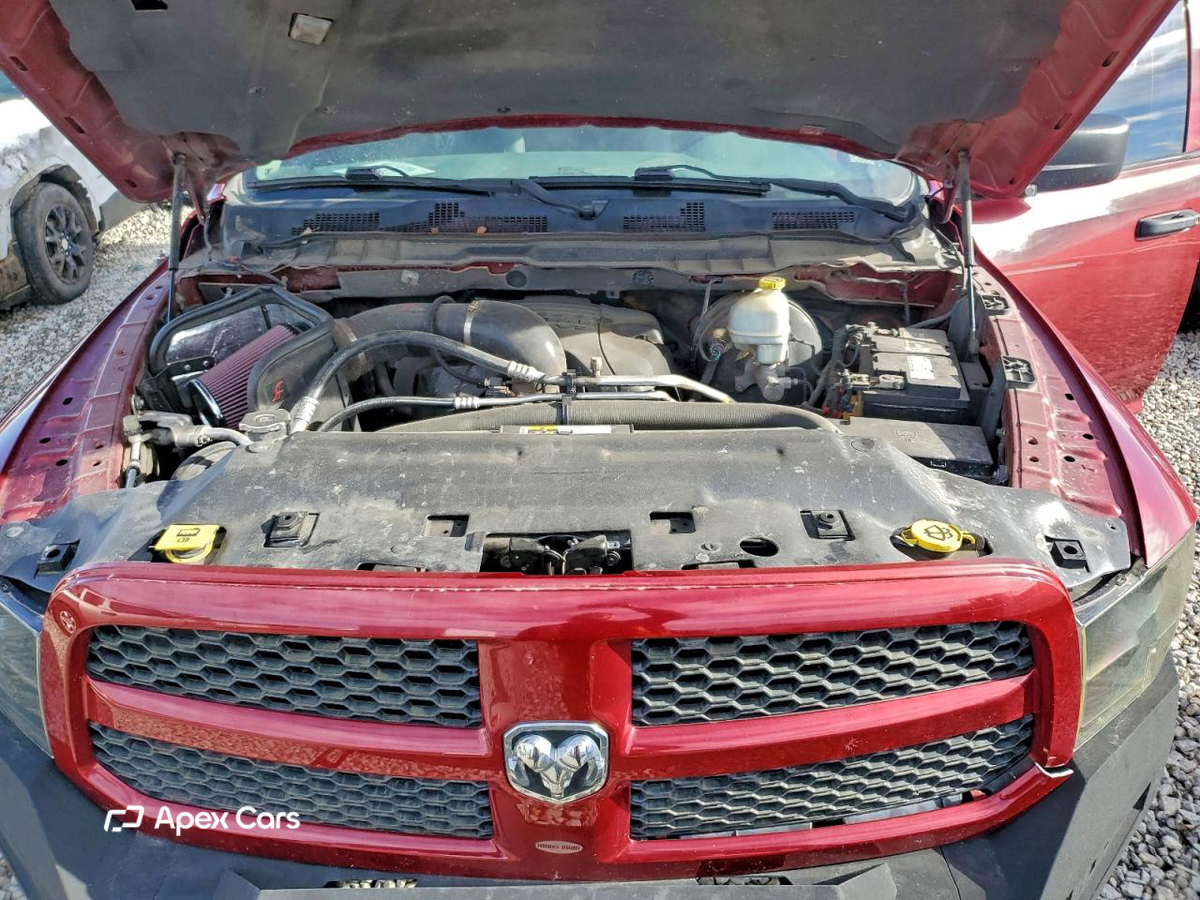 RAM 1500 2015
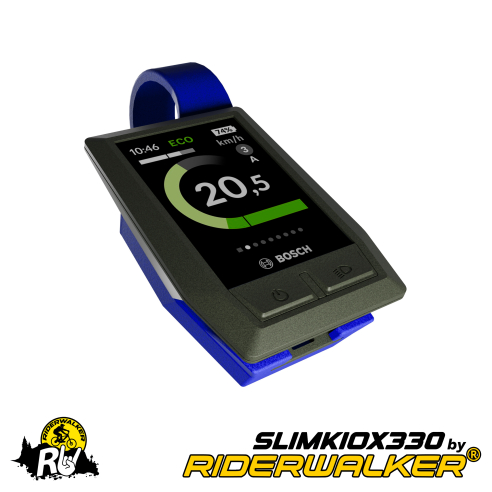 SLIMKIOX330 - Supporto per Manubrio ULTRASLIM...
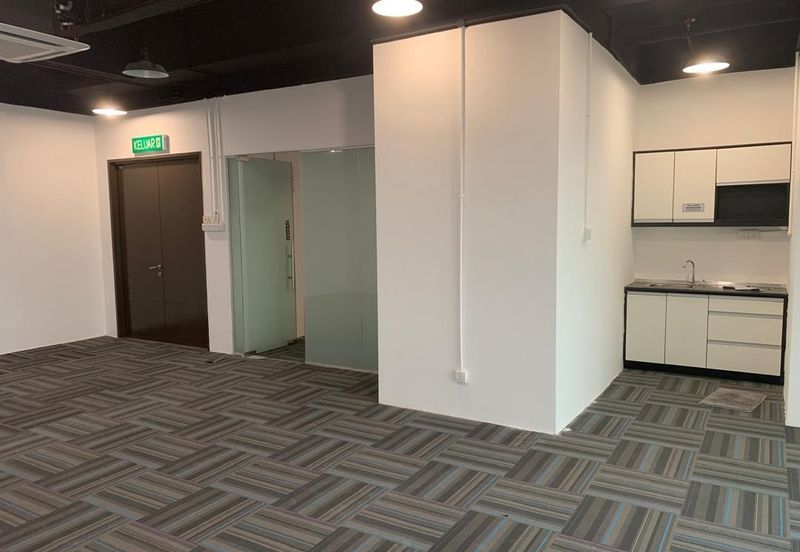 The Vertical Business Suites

== PROBLEM DESCRIPTION ==
Exact copy, no pictures: reproduce the whole listing above.

== EXERCISE RESPONSE ==
 RAM 1500 2015
 SLIMKIOX330 - Supporto per Manubrio ULTRASLIM...
 The Vertical Business Suites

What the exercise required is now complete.